Tactical Combat Care (TCC) in a simulative and training environment is with a particular focus on the soldier immersing themselves from the point of injury with a manikin to the next stage of evacuation to the hospital.

This is being conducted through the utilisation of manikins to simulating inflight care through realistic technology.

The manikins utilised have the capacity to react, creating a fully immersive and holistic experience for the operator in understanding medevac emergencies and possible casualty characteristics from bullet wounds to blast to respiratory issues.

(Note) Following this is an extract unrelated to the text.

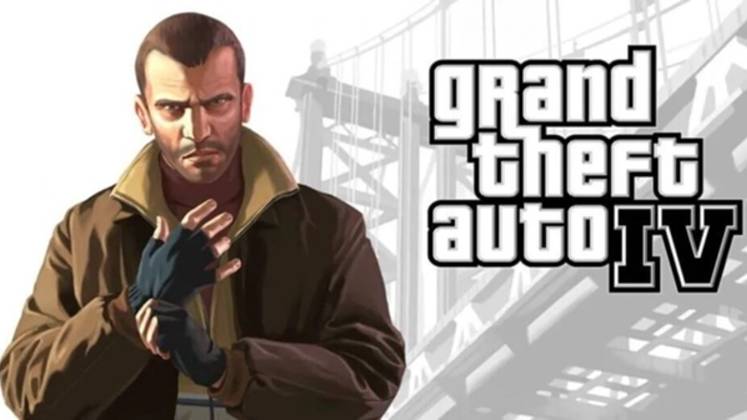 Grand Theft Auto IV #14 смотреть онлайн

It is instrumented so the soldier’s response rate to procedures and for instance, the entry of multiple wounds, are monitored which helps with training to whether the student has been successful in carrying out the full checks.

Furthermore, as part of the Warrior Injury Assessment Manikin programme – the service is moving forward from using crash test dummies which generally just measured impact to manikins that are now designed to withstand ground-up underbody blasts when onboard an armoured vehicle.

‘There are over 100 sensor channels and the data we are getting is phenomenal. It was originally criticised because it was pricier than the automotive crash test dummy but because it was designed for the ground up mission it’s actually less expensive to operate over time,’ Cole explained.

Due to the number of sensors the data being fed back is crucial and more comprehensive than the crash test dummies plus any impact damage can more or less be resolved immediately and tests can continue to proceed that day.